Es así como se enseña que su fortuna igualaría a Muammar Gaddafi, el ex dictador de Libia, al que se le calculó un patrimonio de 200.000 millones de euros, antes de ser derrocado y asesinado. Y que superaría a otros multimillonarios como es el caso en su momento de Henry Ford (170,5 MM), Cornelius Vanderbilt (€159 MM) y el empresario, constructor de bienes raíces e inventor estadounidense John Jacob Astor (€105 MM).

Aunque no es cuestión de asustarse ya que las mismas fuentes señalan que la persona que más riqueza ha poseído es Mansa Musa I, si se ajusta su patrimonio a la inflación. Musa vivió entre los años 1280 y 1337, y como emperador del Imperio de Malí logró a amasar una absurda fortuna de €342 mil millones.

De cualquier manera, más allá del interés que pueda existir en este repaso y las consiguientes comparaciones, la verdadera pregunta no es en realidad -tal cual es de imaginar que un gran número de lectores puede llegar a formularse- para qué se necesitar contar con tanto dinero, o sobre la manera de gastarlo, sino otra que viene a quedar en la profundidad de todo este relato.

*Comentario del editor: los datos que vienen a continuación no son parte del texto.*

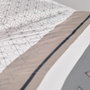 Today Parure de couette Géométrique Beige, Noir et Blanc, 240x200 cm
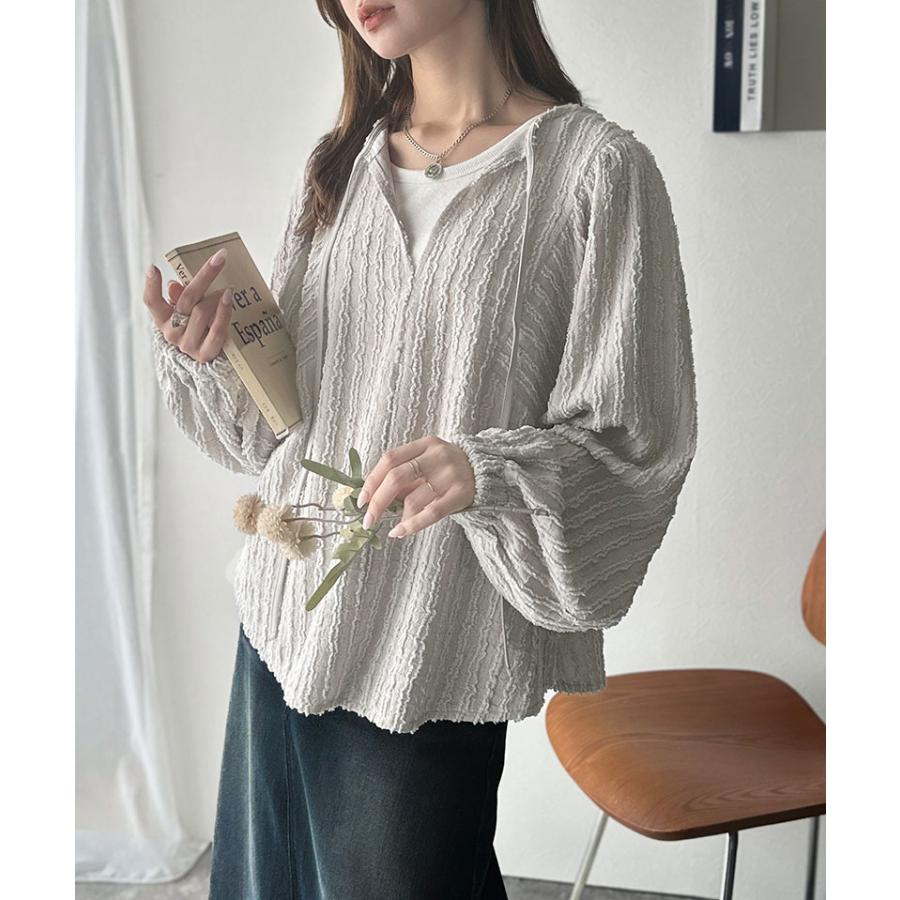 【 クラシカルエルフ classical elf 】 トップス ブラウス レディース チュニック 前後2way ジャガード 高見え 体型カバー 上品 高級感 | classicalelf | 12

La misma pregunta que son muchos quienes se la hacen – por más que se haga presente una cuestión de dimensión- como puede, una persona “salida prácticamente de la nada”, y que toda su vida no ha hecho otra cosa que trabajar para el gobierno, llegar a lograr “amarrocar” - la situación justifica que por su obscenidad hasta se utilice un lenguaje incorrecto- una fortuna semejante.